Recognition of the complexity of the federal program and how it is structured to help small agencies use the revenue for their projects. CCTA pushed for what we call the “Single Document” and it was included in the FAST Act. In order to allocate and expend federal dollars, a project must have a NEPA environmental document. In California, we also have CEQA. In order to “federalize” a project, you must have a NEPA document, and if you want to spend any state dollars on the same project, you need a CEQA document. Under the Single Document decision, local agencies like CCTA could have the ability to just do a CEQA document (which is more stringent than NEPA) to expend federal dollars, but the state of California has not completed the requirements as laid out in the FAST Act to allow agencies like ours to take advantage of this efficiency. Also, in the last infrastructure stimulus bill, the ARRA dollars were for construction. It would be great to have the flexibility to also use stimulus dollars to help get projects ready to go to construction, which is often a very long and expensive process.

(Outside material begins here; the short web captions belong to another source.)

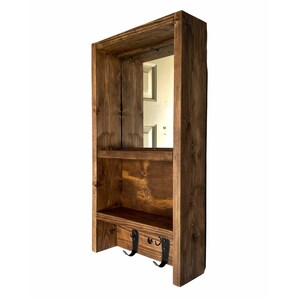 May include: A wooden wall shelf unit with a mirror, two shelves, and three black metal hooks. The wood is stained a warm brown colour. The unit is designed for storage and organisation.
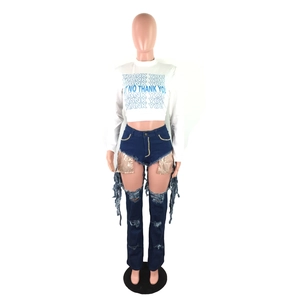 Detail of high waist denim pants featuring sequin panels, ripped holes and long fringes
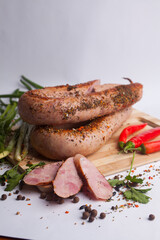 Classic boiled meat pork sausages on chopping board with pepper and basil and cherry tomatoes on wooden background. Snack for kids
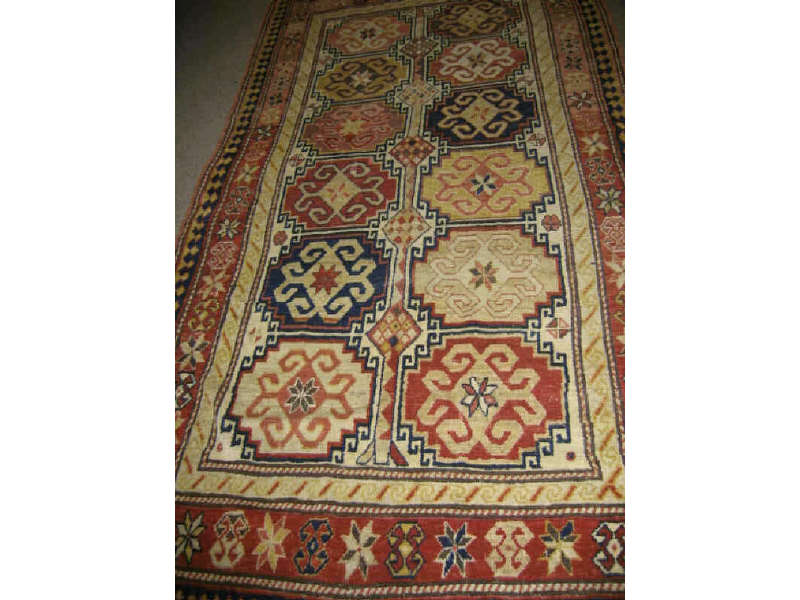 Appraisal: EARLY TH CENTURY KAZAK THROW RUG The ivory field of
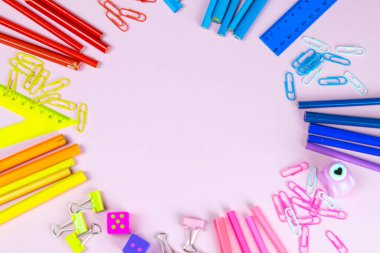 Çok renkli kalemler, cetvel, kalem, kalem, makas ve kırtasiye tezgahları pembe arka planda..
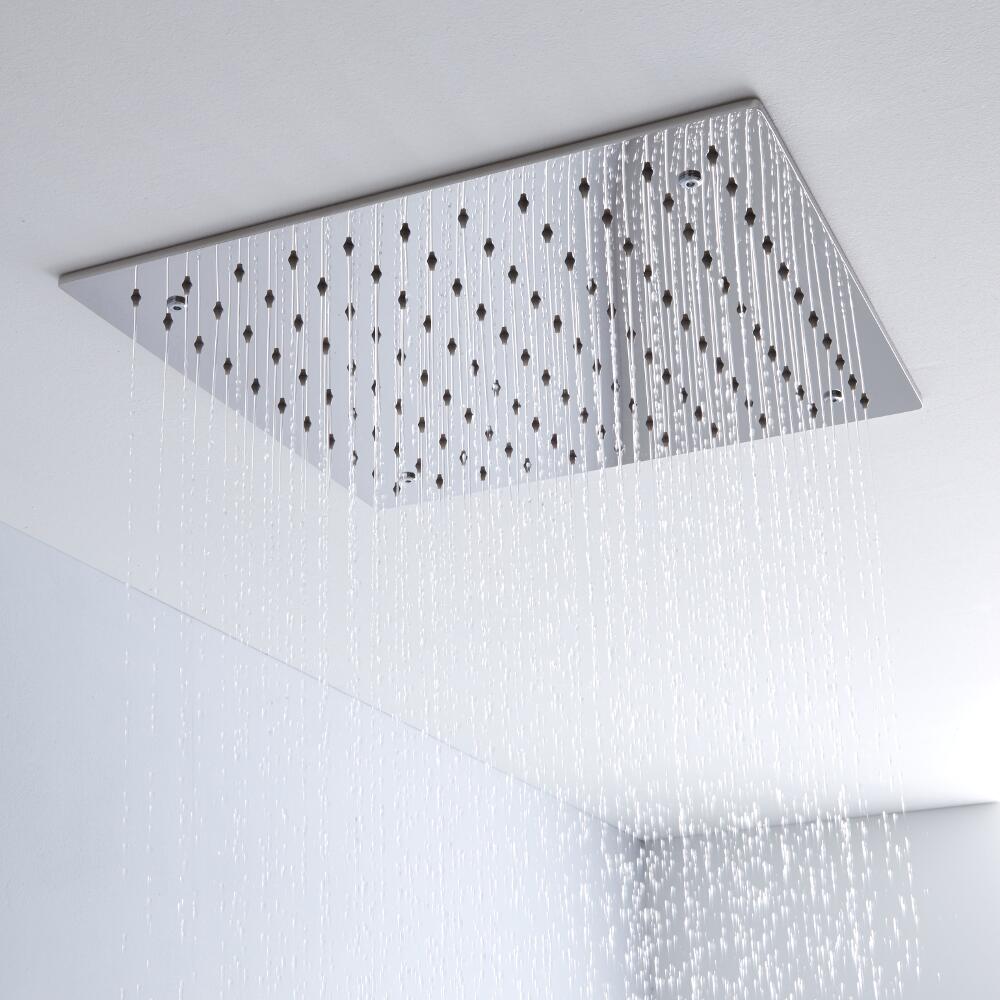 chrome rainfall shower head fitted into the ceiling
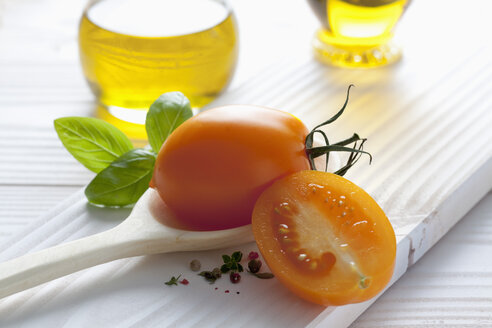 Orangefarbene Tomate auf Holzlöffel, Olivenöl, Basilikum und Pfefferkörner auf Holztisch - CSF020674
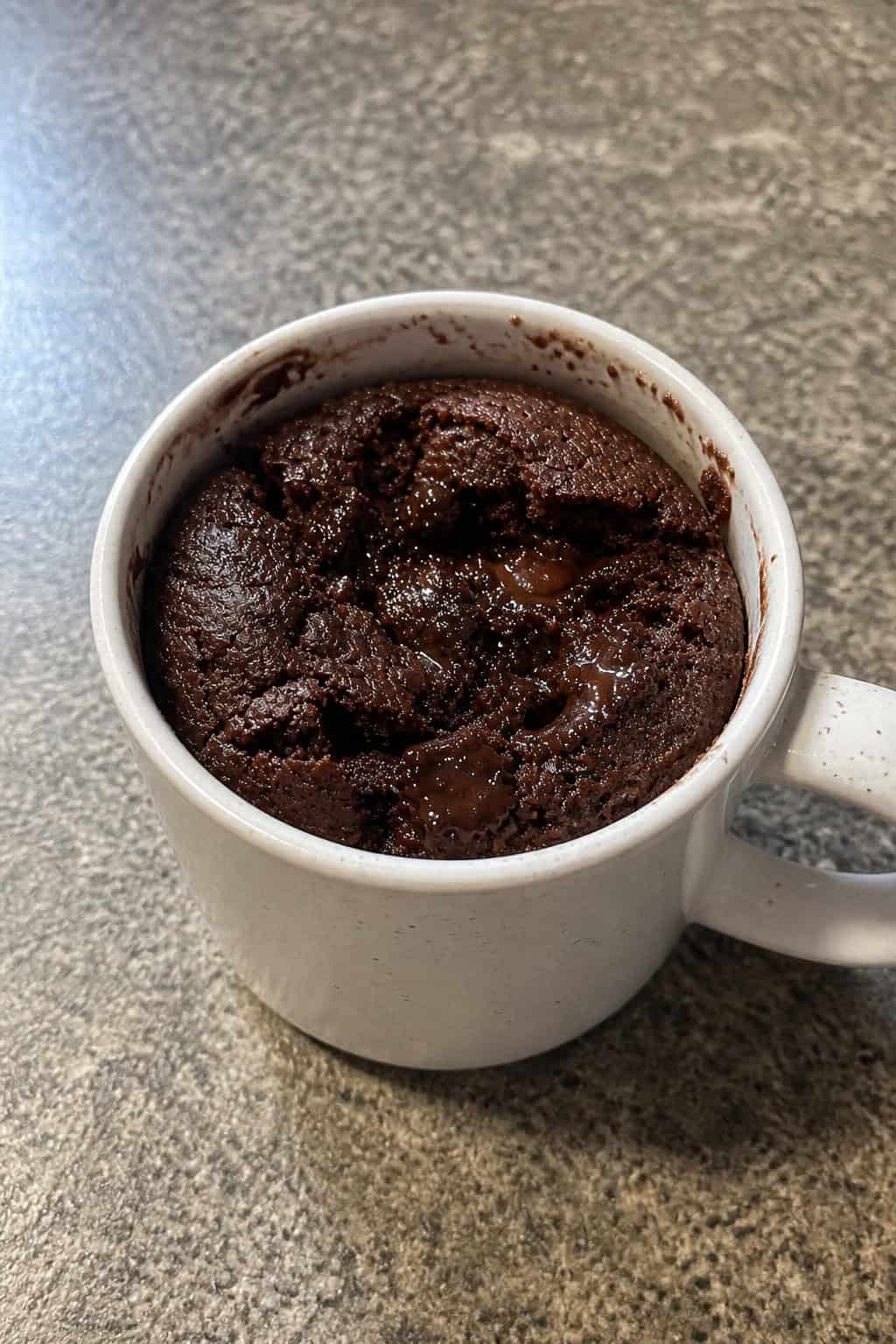 18 Easy Dessert Recipes Ready In Minutes: Quick and Delicious Treats for Any Occasion 3 A ceramic mug filled with a chocolate brownie on a kitchen countertop, with a spoon and chocolate chips nearby.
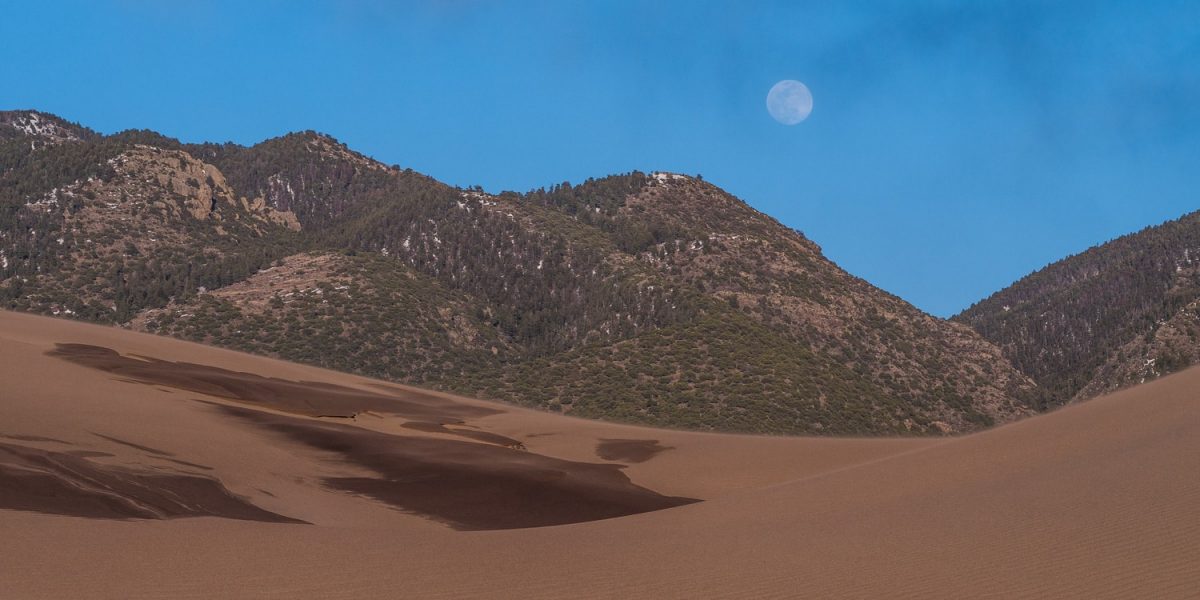 great sand dunes with moon
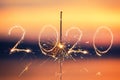 Bengal light on the sunset background, New Year with sparklers sparks on a sunset background Royalty Free Stock Photo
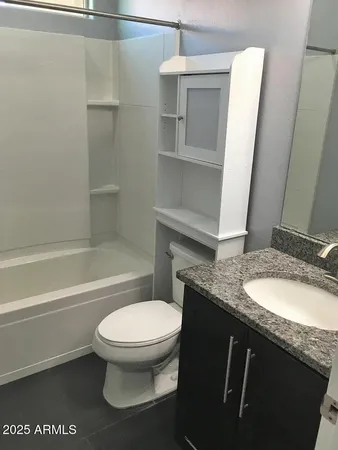 a bathroom with a granite countertop toilet sink and mirror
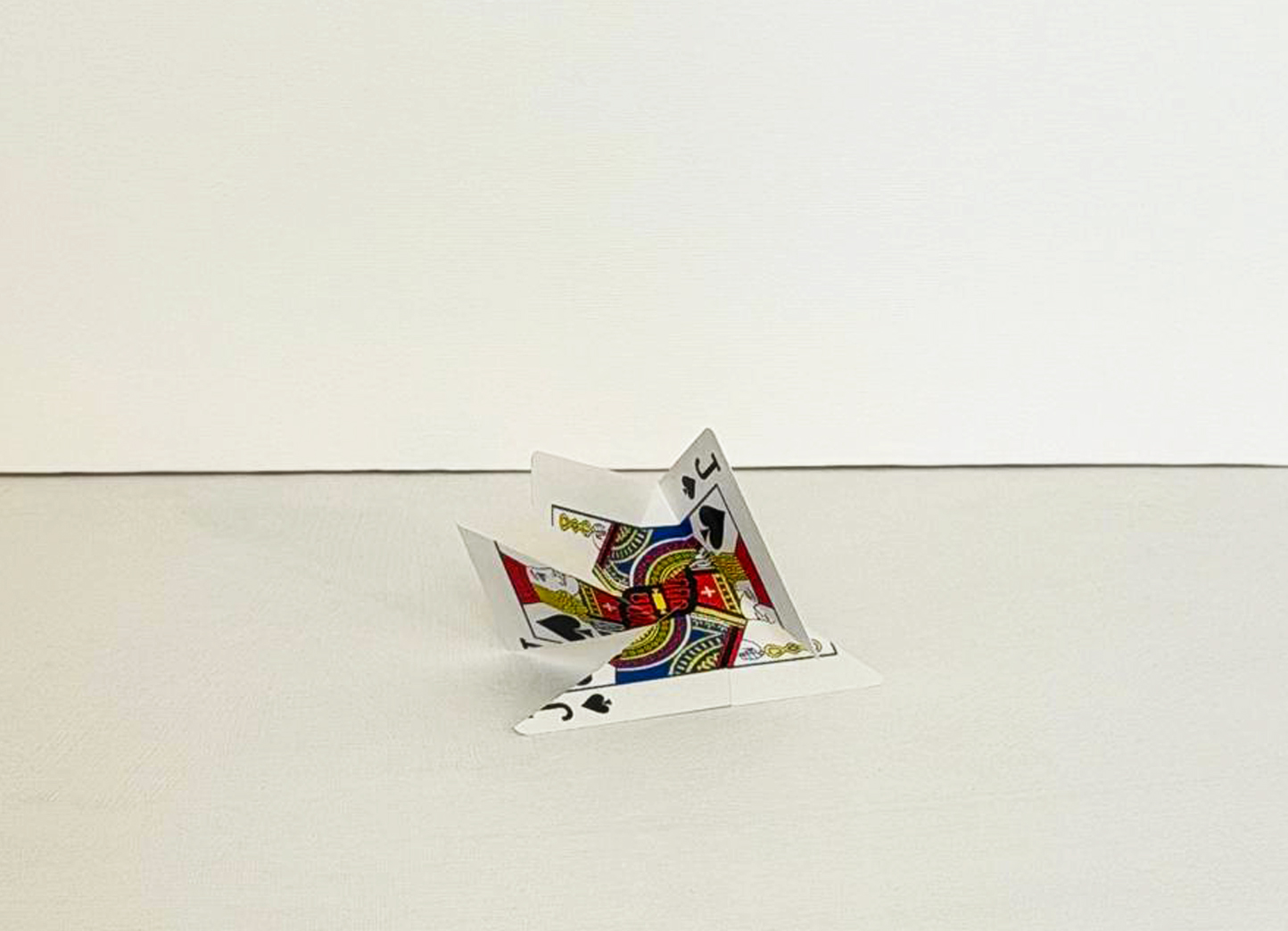 Cut Playing Cards, a low folded structure of playing cards showing clubs and diamonds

Advancing infrastructure projects have proven time and time again as a good economic stimulant so it will be good to have another infrastructure stimulus bill this year.

From our perspective, projects that are in the planning stage for construction are better projects than simply maintenance projects. Planning projects that go to construction provide better long-term value for the owner and the tax payer. Also, stimulus money going directly to offset lost sales tax or gas tax revenues would be well spent as it would also help local cities as well.

 

Does your firm have experiences and lessons learned from the 2009 ARRA Infrastructure Act that could be applied to a potential infrastructure stimulus bill this year or next?

Many of the projects were required to be shovel ready, but not necessarily the ones most needed by the communities. The funding measure appears to be more of an interest free loan than “free” money, which will increase the future tax burden of already leveraged governments.

ARRA focused mainly on “shovel ready” projects. This nation's infrastructure is well beyond anything that can be helped by “shovel ready” projects. Serious considerations to rehabilitating underground utilities, rebuilding bridges, improving capacity of roads and airports, and practical public transit solutions, need to be at the forefront of any stimulus or reauthorization.

 

This concludes our eight-part series on the COVID-19 pandemic’s influence on the transportation construction industry. We hope everyone reading these articles were able to gain some helpful insights from our group of panelists from agencies, engineering firms, contractors and industry associations directly involved in the transportation industry. Again, many thanks to this group of panelists for taking the time to contribute to this important and timely series.

About the Author

Schmitz is Market Manager with Tensar.